Gigabyte passively cooled Radeon 4850 card
How quieter does your GPU need to be?
Review We've been hugely impressed by the Radeon HD 4850 graphics card thanks to the balance it strikes between price and performance, and we firmly believe that, at £125, it's damn good value.

Gigabyte's GV-R485MC-1GH: double-slot design...
Pretty much our only reservation with the reference HD 4850 centres on the cooling package. The HD 4850's graphics chip employs 800 unified shaders that generate a fair amount of heat. AMD chose a single-slot design for the HD 4850 even though the dual-slot HD 4870 has an enormous cooler. The single-slot form-factor makes it easy to slip an HD 4850 into almost any PC, and there’s more good news: AMD has selected a gentle fan speed that makes the HD 4850 surprisingly quiet.

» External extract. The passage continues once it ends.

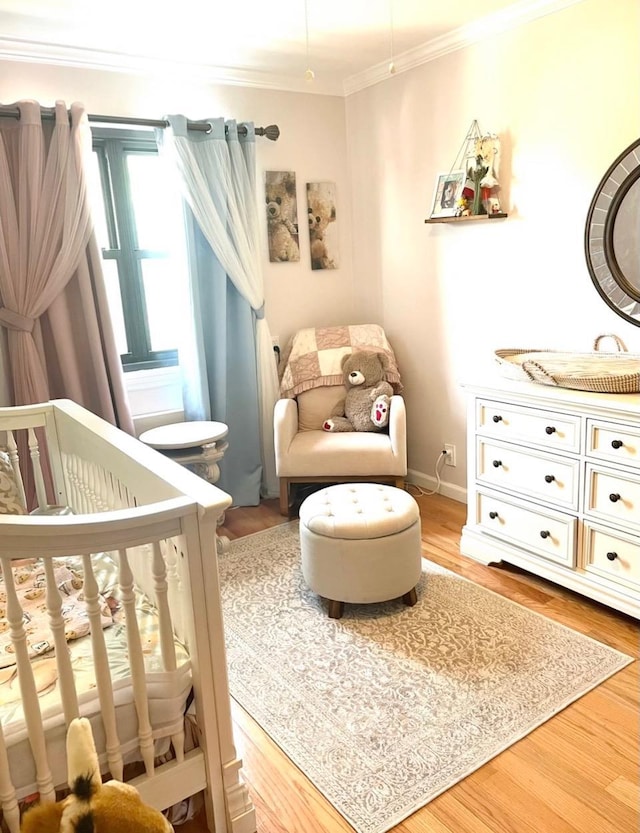 57-21 246th Cres Unit 1Fl, Douglaston, NY 11362 - bedroom featuring a nursery area, crown molding, and wood finished floors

The combination of a slimline heatsink and low fan speed means that the heat produced by the HD 4850 gets trapped in the casing, and we concluded our original review by saying: "We’d give the HD 4850 the nod on this one despite its toasty hotness."
Gigabyte has decided that the cooling package on the HD 4850 could stand some improvement and the result is the GV-R485MC-1GH, which is passively cooled. The model code breaks down thus: GV for Gigabyte VGA; R485 denotes a Radeon HD 4850; MC stands for Multi-Core cooling; and 1GH refers to the 1GB of memory.
You can see an animation that explains the Multi-Core Cooling feature here, but our photos should make things clear enough.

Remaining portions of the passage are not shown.